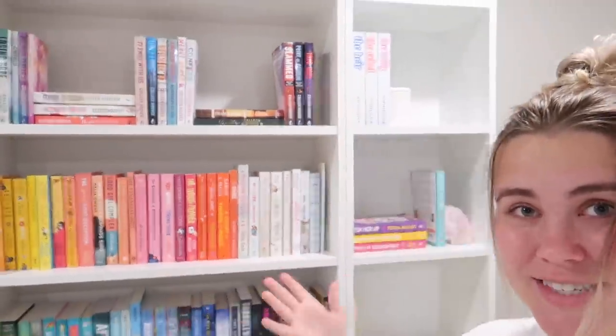I also filmed a video organizing my books on my bookshelves, which I'll have linked down below — you guys should totally go watch it. I'm very proud of it, and I love books. If you like book content, I post book videos too and have a whole playlist on my channel. Anyway, just wanted to throw that in there — let's head into the beauty room.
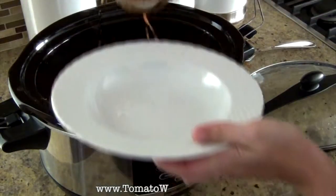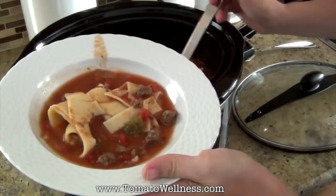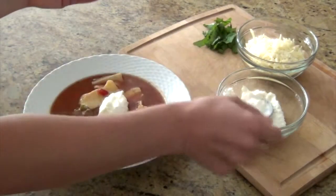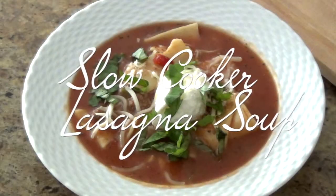By using canned tomato products and other favorite lasagna add-ins, I have the taste and flavor of homemade lasagna with about a quarter of the labor. So here's to using your slow cooker for effortless meals that the whole family can enjoy. Thanks again.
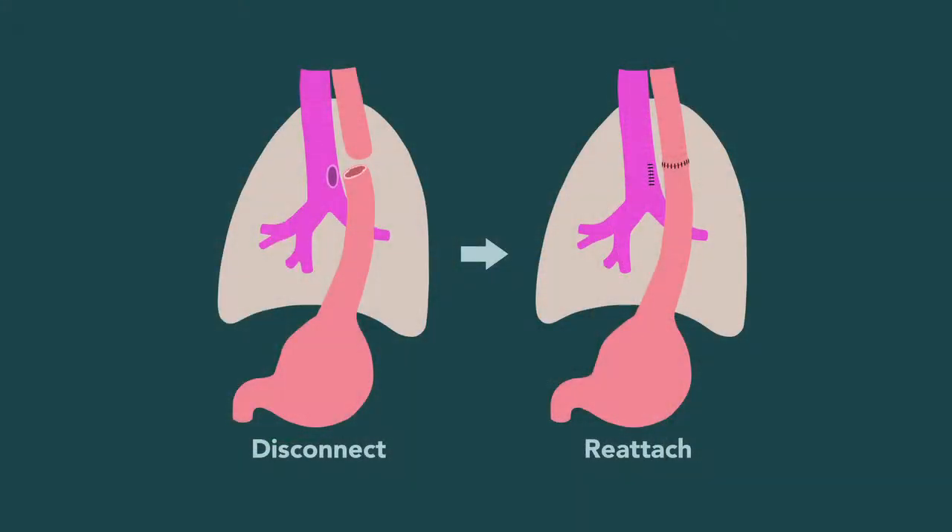We need to divide the connection between the lungs and the stomach, because otherwise there is contamination of the lungs from the secretions of the stomach.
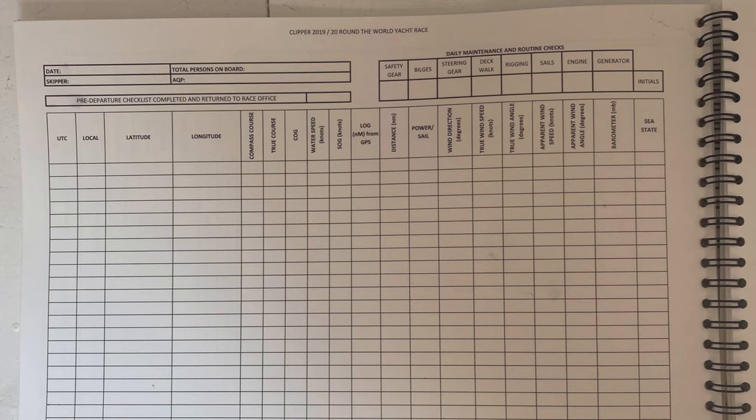Looking at the log columns: first is UTC — Universal Time Coordinated, otherwise known as Greenwich Mean Time — used as a constant datum in navigation. Then local time, or 'boat time,' which is what the watches run to. If you're sailing east or west through time zones, you need to adjust local time to stay close to the actual local time of your position on the planet. If you don't, over time you'll end up with watch changes and meals happening at nine o'clock at night.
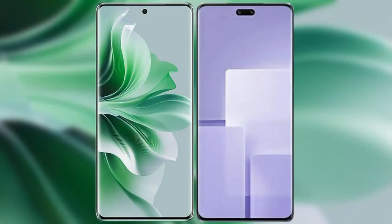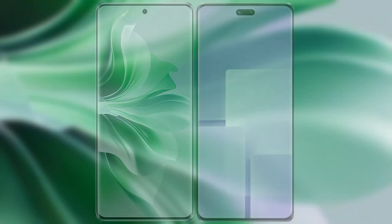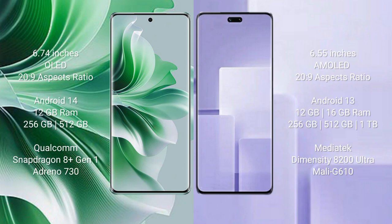I will compare the new OPPO Reno 11 Pro with Xiaomi CB3. OPPO Reno 11 Pro comes with a 6.74-inch OLED display and aspect ratio 20:9. Xiaomi CB3 comes with a 6.55-inch AMOLED display and aspect ratio 20:9.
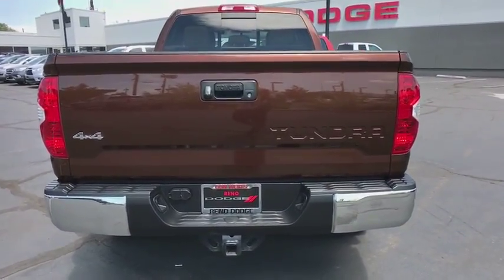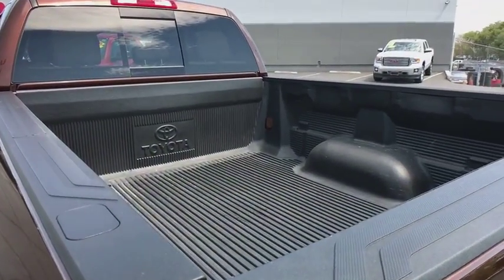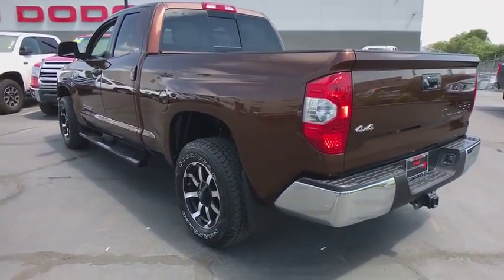With a towing capacity of up to 10,000 pounds and a payload capacity of over 2,000 pounds, the Tundra is the perfect mix of power and efficiency. This vehicle has less than 25,000 miles.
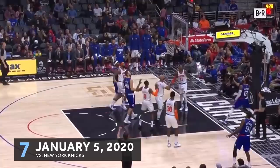We can't let Marcus Morris Sr. get to the middle. Wow.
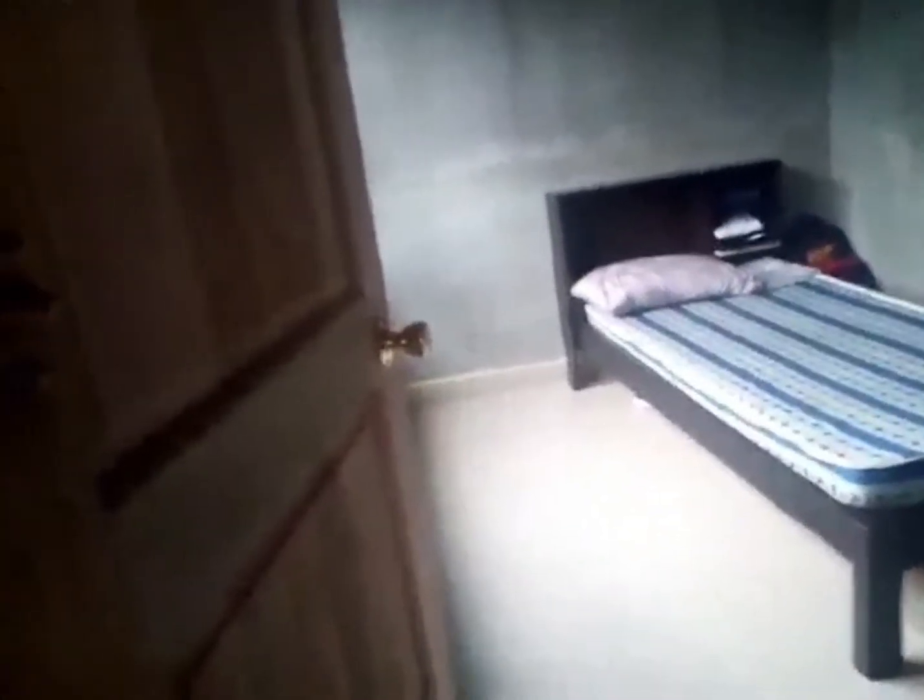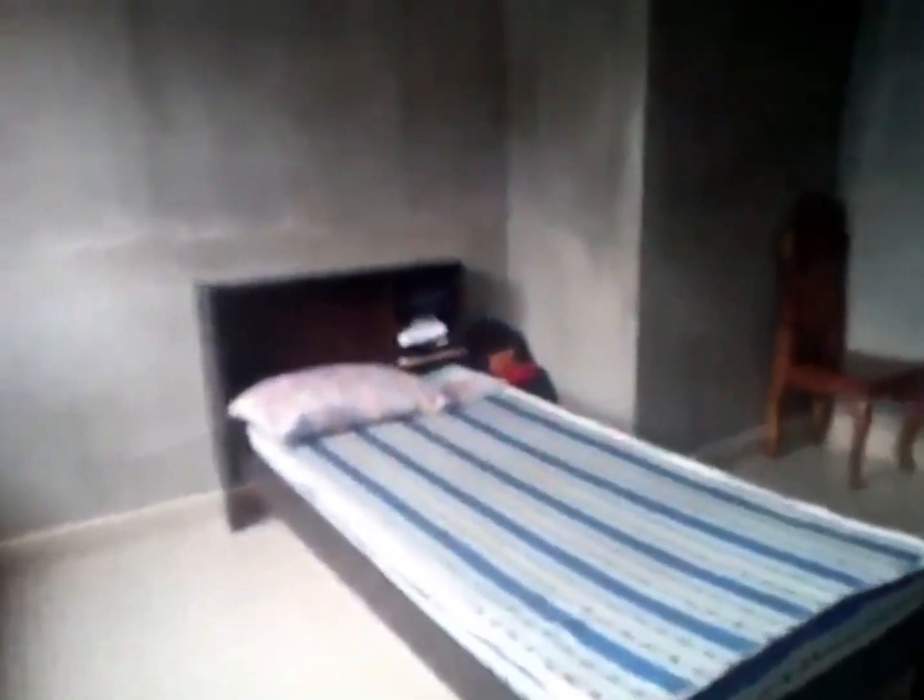That is the room of my nephew — he's about 12 years old, the son of my sister.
☆ ☆ ☆
_WHAT TO PRODUCE_. Aside from the pictures, repeat the listing exactly.

_RESPONSE TO THIS TASK_.
I also filmed a video organizing my books on my bookshelves, which I'll have linked down below — you guys should totally go watch it. I'm very proud of it, and I love books. If you like book content, I post book videos too and have a whole playlist on my channel. Anyway, just wanted to throw that in there — let's head into the beauty room.
By using canned tomato products and other favorite lasagna add-ins, I have the taste and flavor of homemade lasagna with about a quarter of the labor. So here's to using your slow cooker for effortless meals that the whole family can enjoy. Thanks again.
We need to divide the connection between the lungs and the stomach, because otherwise there is contamination of the lungs from the secretions of the stomach.
Looking at the log columns: first is UTC — Universal Time Coordinated, otherwise known as Greenwich Mean Time — used as a constant datum in navigation. Then local time, or 'boat time,' which is what the watches run to. If you're sailing east or west through time zones, you need to adjust local time to stay close to the actual local time of your position on the planet. If you don't, over time you'll end up with watch changes and meals happening at nine o'clock at night.
I will compare the new OPPO Reno 11 Pro with Xiaomi CB3. OPPO Reno 11 Pro comes with a 6.74-inch OLED display and aspect ratio 20:9. Xiaomi CB3 comes with a 6.55-inch AMOLED display and aspect ratio 20:9.
With a towing capacity of up to 10,000 pounds and a payload capacity of over 2,000 pounds, the Tundra is the perfect mix of power and efficiency. This vehicle has less than 25,000 miles.
We can't let Marcus Morris Sr. get to the middle. Wow.
That is the room of my nephew — he's about 12 years old, the son of my sister.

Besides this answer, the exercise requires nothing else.